» EXERCISE OBJECTIVE: Return only the lines below starting at the line containing "Polishuset är drygt" and ending at the line containing "Alle Dekorationen: 2x", both included, exactly as they are and with no pictures.

» INPUT FOR THIS TASK:
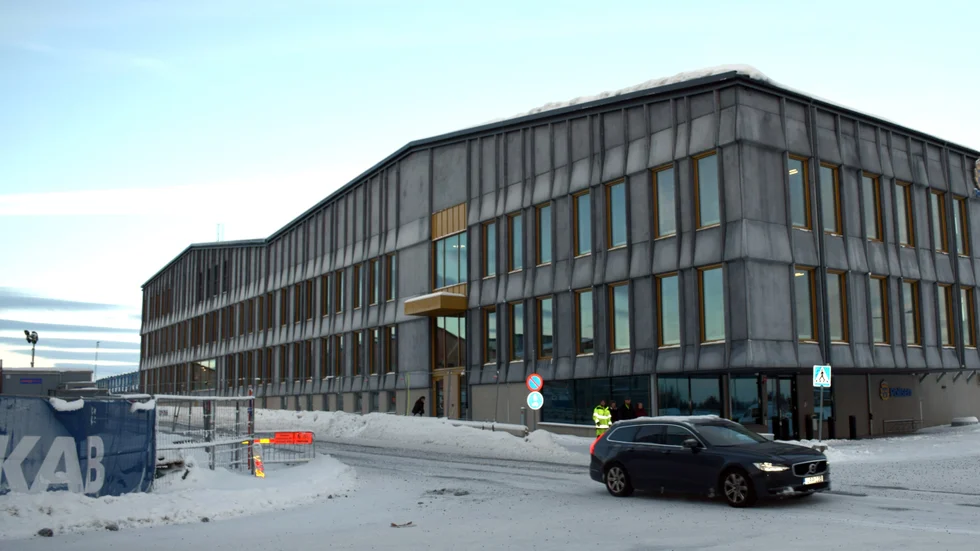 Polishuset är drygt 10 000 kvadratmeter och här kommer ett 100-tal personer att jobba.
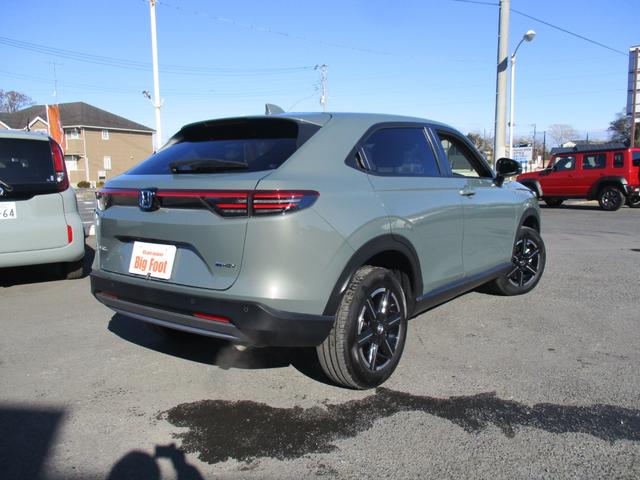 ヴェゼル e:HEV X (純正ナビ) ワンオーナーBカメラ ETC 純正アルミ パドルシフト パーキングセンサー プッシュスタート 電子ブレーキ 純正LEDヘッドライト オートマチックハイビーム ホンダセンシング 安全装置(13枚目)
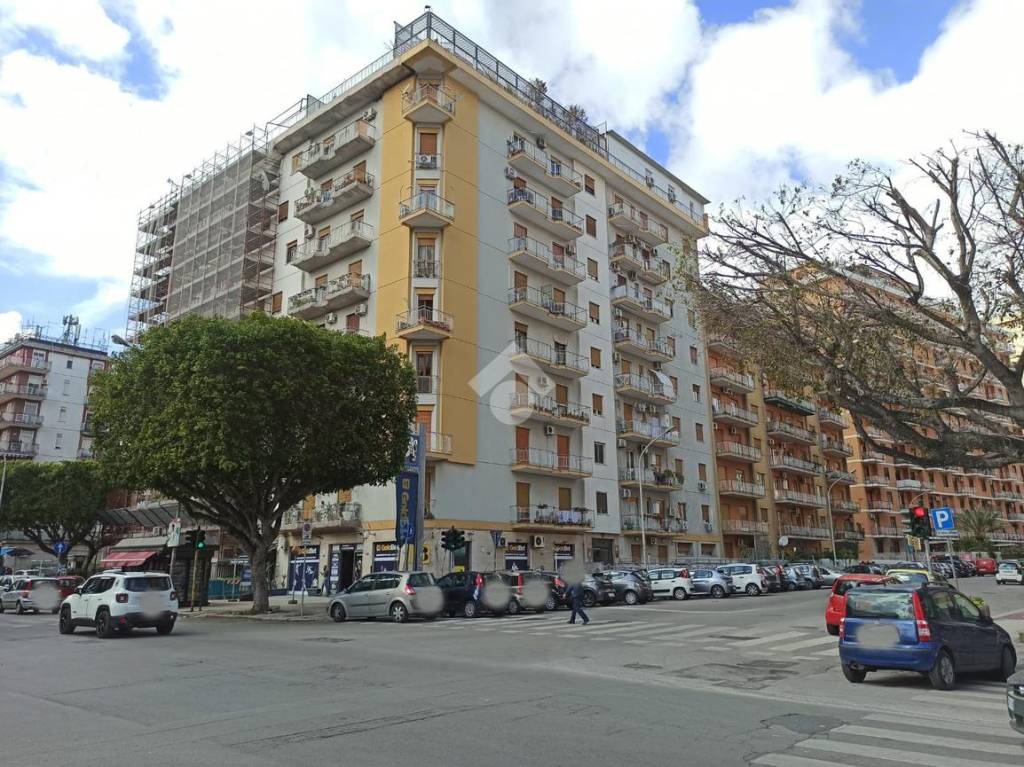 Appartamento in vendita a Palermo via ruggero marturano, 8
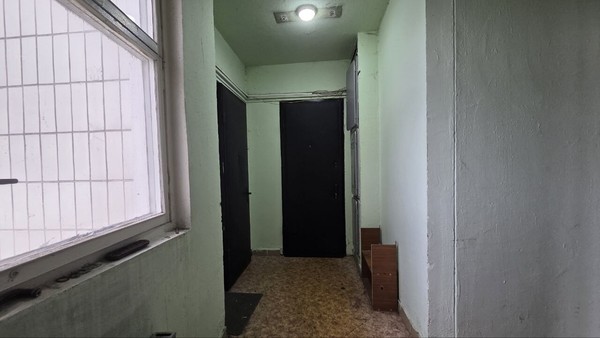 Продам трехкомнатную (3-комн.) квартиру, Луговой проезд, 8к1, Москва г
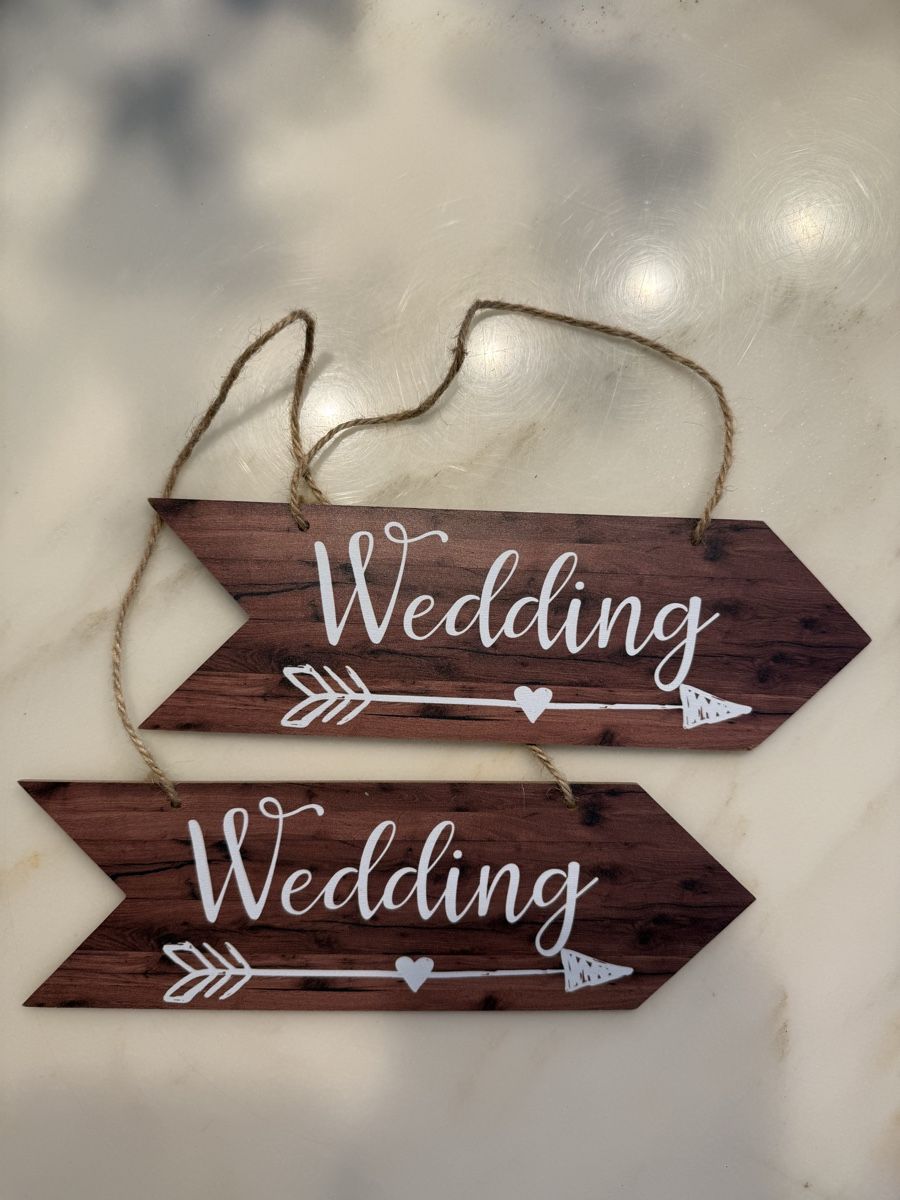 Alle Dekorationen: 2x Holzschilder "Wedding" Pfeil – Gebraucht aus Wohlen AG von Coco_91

==

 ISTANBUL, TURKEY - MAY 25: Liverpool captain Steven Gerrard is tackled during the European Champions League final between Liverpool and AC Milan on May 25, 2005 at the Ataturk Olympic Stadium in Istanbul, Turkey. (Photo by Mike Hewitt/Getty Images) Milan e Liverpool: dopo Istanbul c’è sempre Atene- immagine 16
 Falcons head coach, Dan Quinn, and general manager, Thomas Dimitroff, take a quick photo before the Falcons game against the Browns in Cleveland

» ANSWER SPACE:
 Polishuset är drygt 10 000 kvadratmeter och här kommer ett 100-tal personer att jobba.
 ヴェゼル e:HEV X (純正ナビ) ワンオーナーBカメラ ETC 純正アルミ パドルシフト パーキングセンサー プッシュスタート 電子ブレーキ 純正LEDヘッドライト オートマチックハイビーム ホンダセンシング 安全装置(13枚目)
 Appartamento in vendita a Palermo via ruggero marturano, 8
 Продам трехкомнатную (3-комн.) квартиру, Луговой проезд, 8к1, Москва г
 Alle Dekorationen: 2x Holzschilder "Wedding" Pfeil – Gebraucht aus Wohlen AG von Coco_91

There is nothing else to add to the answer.